In Mexico, Jerry has a pretty easy time finding Beck and the gun. The gun in this picture is not just a McGuffin though, it turns out to have a story of its own, one that Beck relates part of upon meeting Jerry and handing over the gun, and a story that gets retold several times throughout the film, each time adding a new part to it. Essentially, the gun is said to be cursed. This holds true for Jerry, as within minutes of acquired the antique and Beck, things start to go horribly wrong for Jerry and he enters into a downward spiral of detrimental coincidences, poor judgement, people fucking each other over, and just plain old fashioned bad luck.

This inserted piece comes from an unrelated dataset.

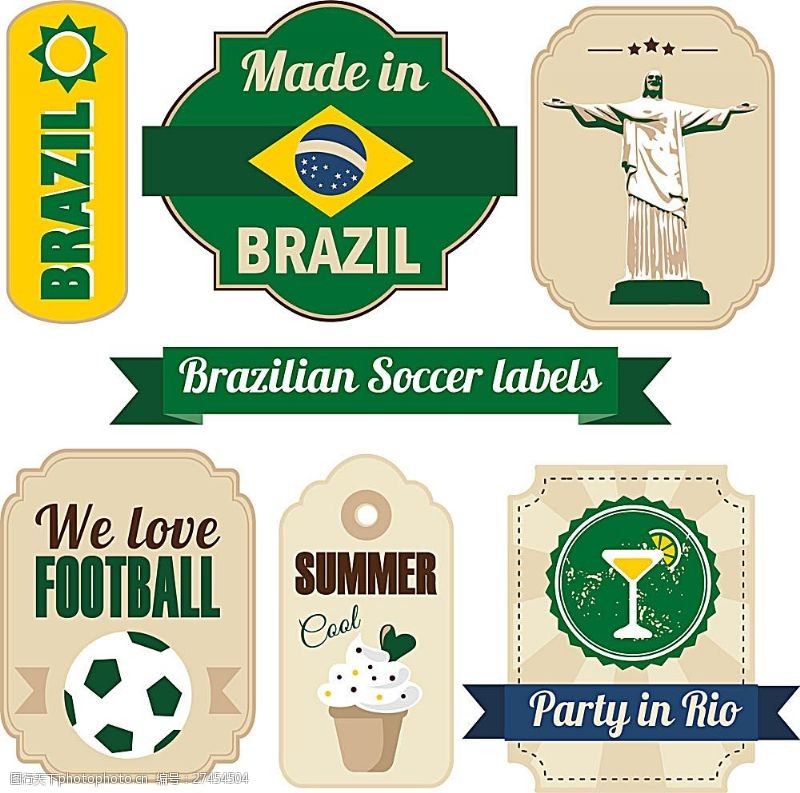 怀旧足球矢量素材怀旧世界杯标签图案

Things aren’t going so hot for Sam, either. En route to Vegas, she gets intercepted by Leroy (Gandolfini), a notorious hit man and kidnapper, who informs her that the Powers That Be suspect Jerry has nabbed the gun and is making off like a bandit with it. And, since they know that Jerry and Sam were in a relationship…well, as Leroy says, “he who controls the girl, controls the gun.” That is, of course, until Sam informs Leroy that she kicked Jerry to the curb before he left. At which point Leroy’s role quickly switches from Kidnapper to Marriage Counselor.

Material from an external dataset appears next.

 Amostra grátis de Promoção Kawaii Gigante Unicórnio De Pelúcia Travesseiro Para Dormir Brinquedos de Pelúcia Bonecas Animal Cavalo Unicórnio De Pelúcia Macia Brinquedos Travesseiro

This is not a cut and paste sort of a plot. Trust me. It reminded me a lot of movies like Snatch, Get Shorty, and U-Turn. A plot device at every corner, an unexpected event every five minutes that completely changes everything, at least until 5 minutes later when it gets usurped by another out of the blue event. The movie surprises you time after time after time, and the surprises don’t stop until the credits roll. The surprises aren’t cheap either, you don’t feel cheated. Forgive me but I’m a sucker for great plot devices.

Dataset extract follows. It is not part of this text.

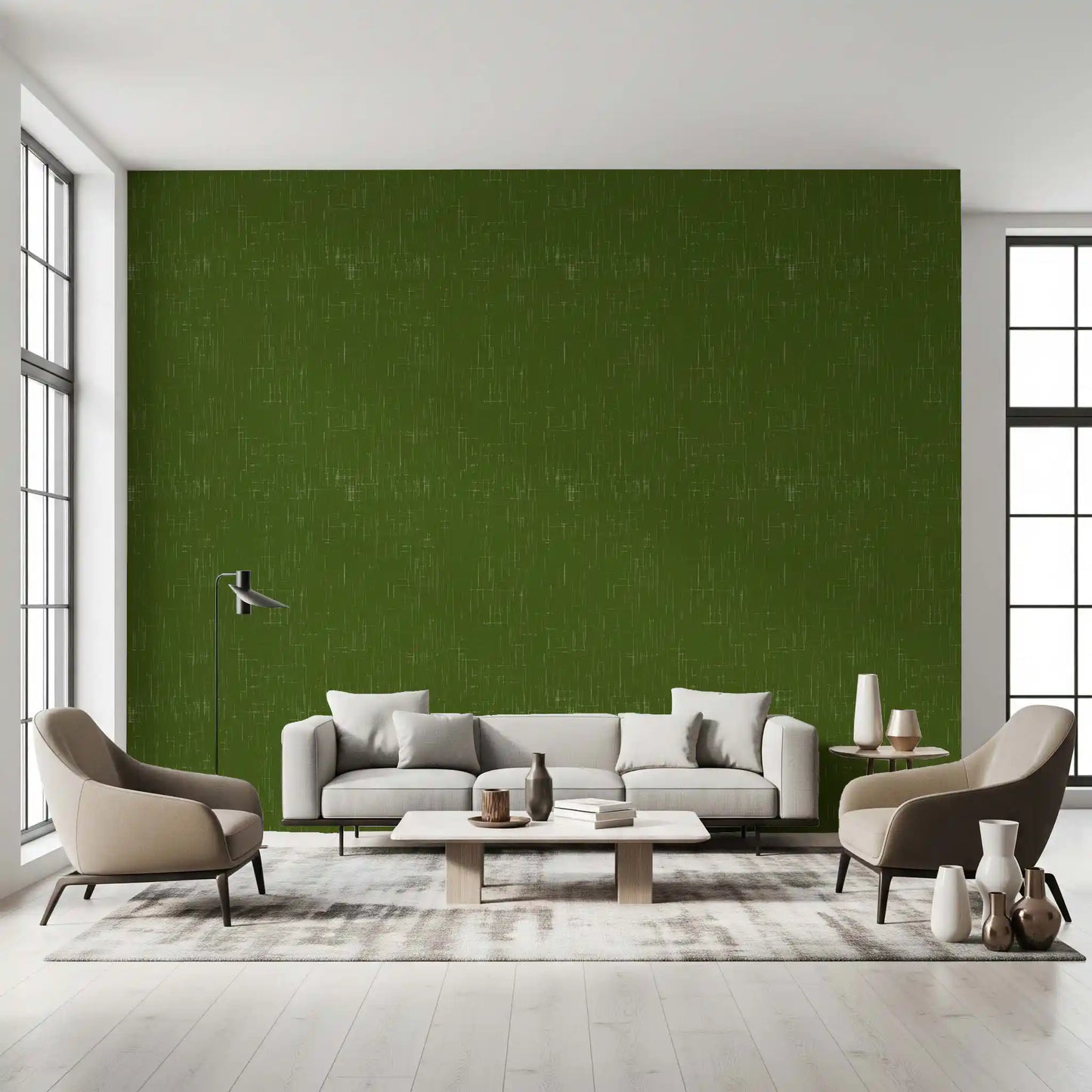Earth-toned green wallcovering with fine grain and vintage-modern influence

And the thing I think I like the most about the movie is that it has amazing depth but maintains its light hearted tone the whole time. The movie is a comedy, to be sure, and a pretty funny one at that. But everything is explored; the characters aren’t two-dimensional throw-aways. Leroy the hit man, a role that in most movies would be cookie cutter, has some of the film’s most surprisingly emotional moments. That sums up a lot about the film. Part thriller, part crime story, part comedy, and part romance. That’s a pretty tough hybrid to pull off. This film does it.
It isn’t perfect. There are a few things that could have been done better I think. The romance between Roberts and Pitt isn’t as believable as it could have been, and that’s pretty important to the plot. And one of the important characters in the film, Nalin, works with pretty two-dimensional motives. But on the whole, I thought this was a helluva fine film. I appreciate it when I say to myself in a film “Wow, how the FUCK are they going to get out of this one?” then five minutes later, “Ahhh, hahahahaha. Sweet.” Five minutes after that, “NOW how the fuck are they going to get out of THIS one!?”
On the whole, I give it four beers out of five.